# YOUR ASSIGNMENT
In the records below, repeat exactly the lines between the line holding "الحكومة: نعمل على" and the line holding "318 RADFORD AVENUE, Lehigh Acres, FL 33974", inclusive, and drop the pictures.

# AVAILABLE RECORDS
>>

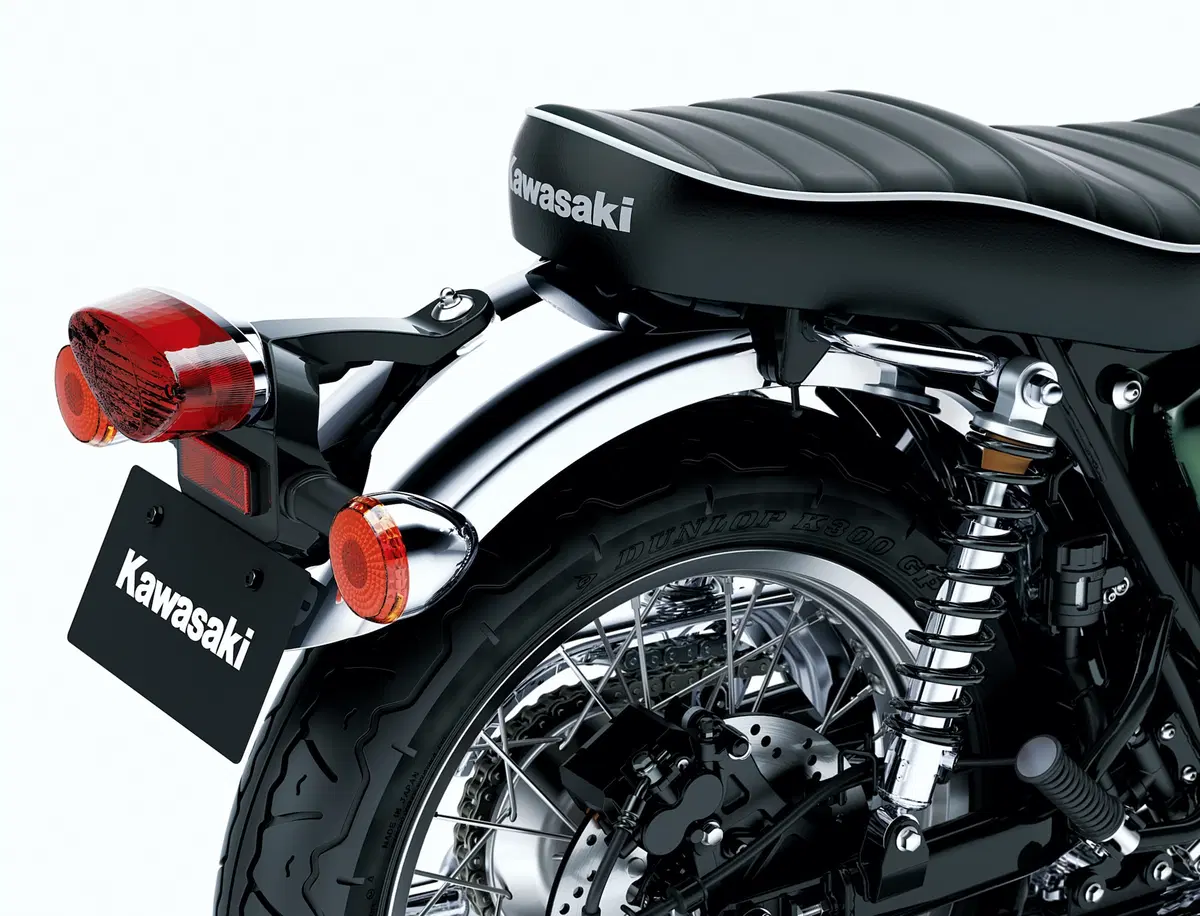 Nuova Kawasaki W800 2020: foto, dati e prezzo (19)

<<
>>

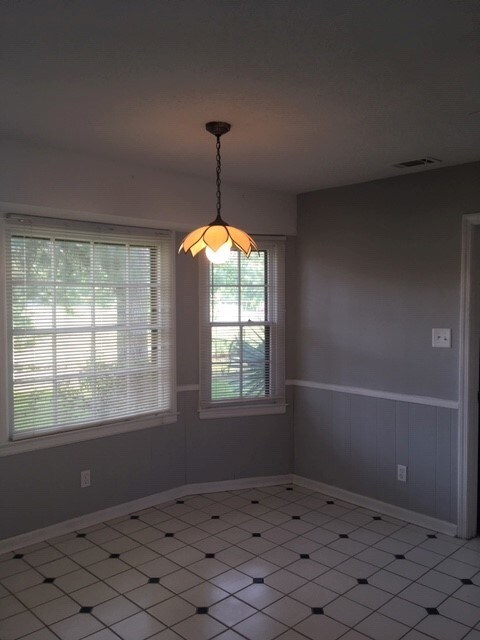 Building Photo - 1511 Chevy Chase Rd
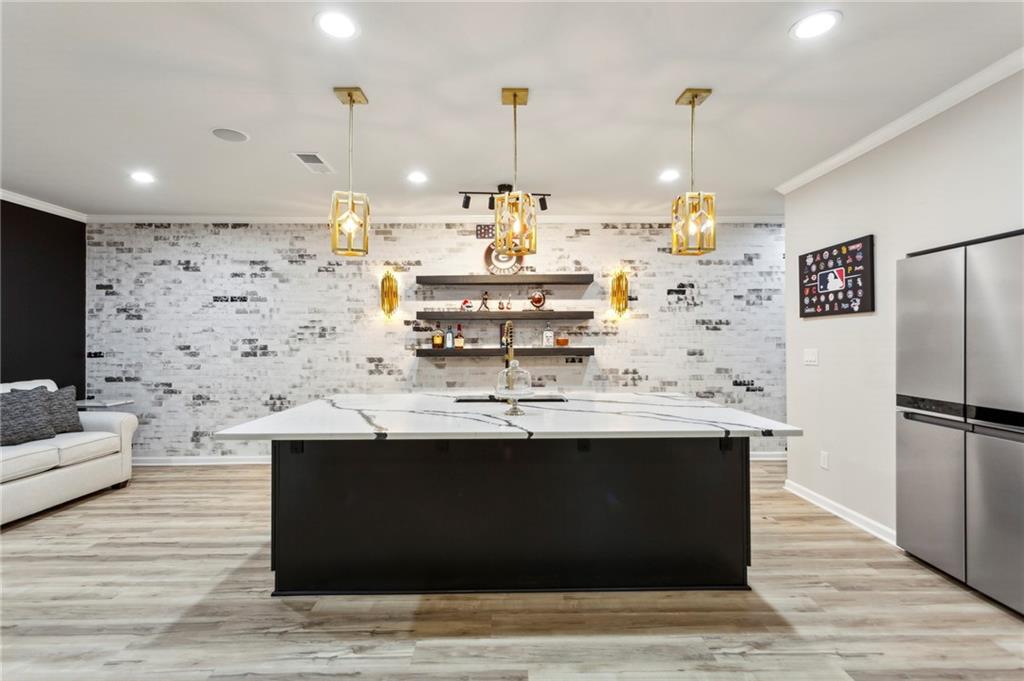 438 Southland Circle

<<
>>

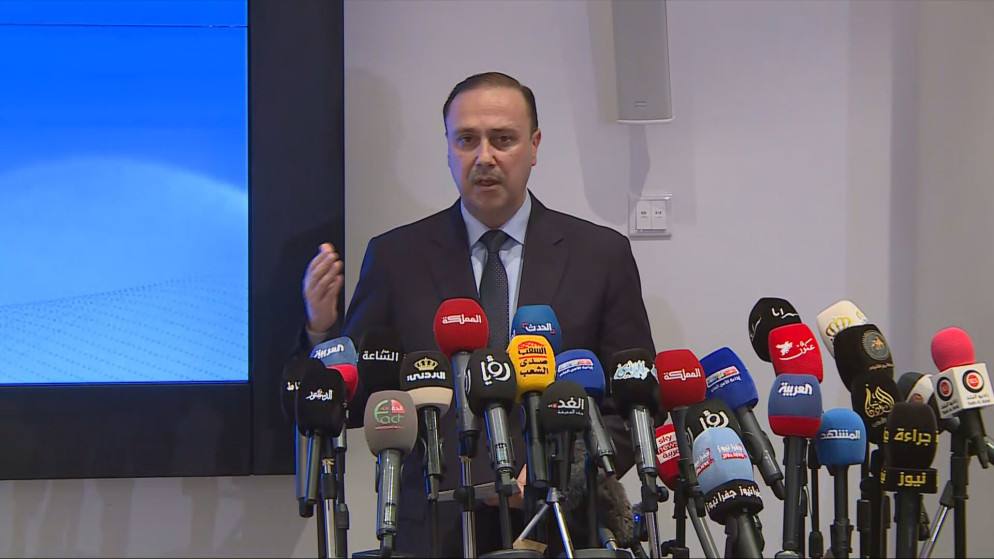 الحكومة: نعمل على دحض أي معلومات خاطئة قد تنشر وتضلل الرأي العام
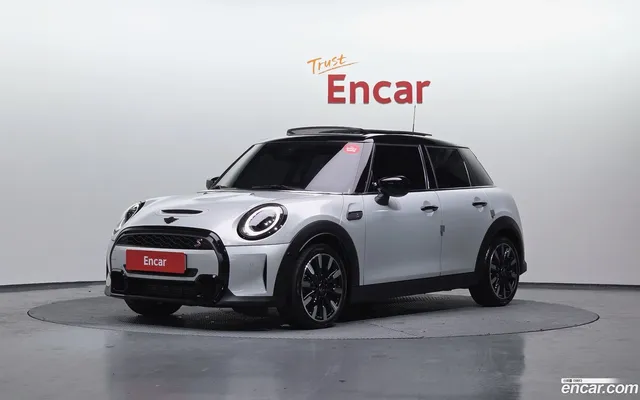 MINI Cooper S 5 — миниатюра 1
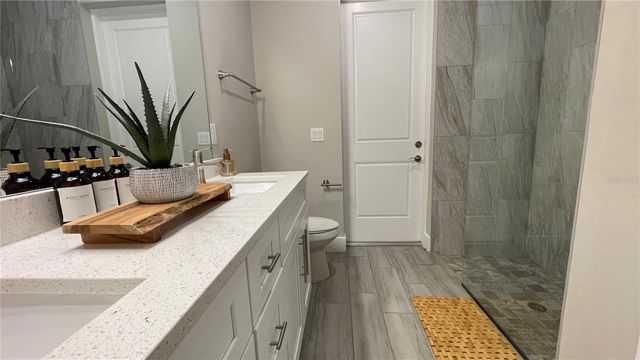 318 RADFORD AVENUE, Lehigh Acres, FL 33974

<<

# WRITTEN SOLUTION
 الحكومة: نعمل على دحض أي معلومات خاطئة قد تنشر وتضلل الرأي العام
 MINI Cooper S 5 — миниатюра 1
 318 RADFORD AVENUE, Lehigh Acres, FL 33974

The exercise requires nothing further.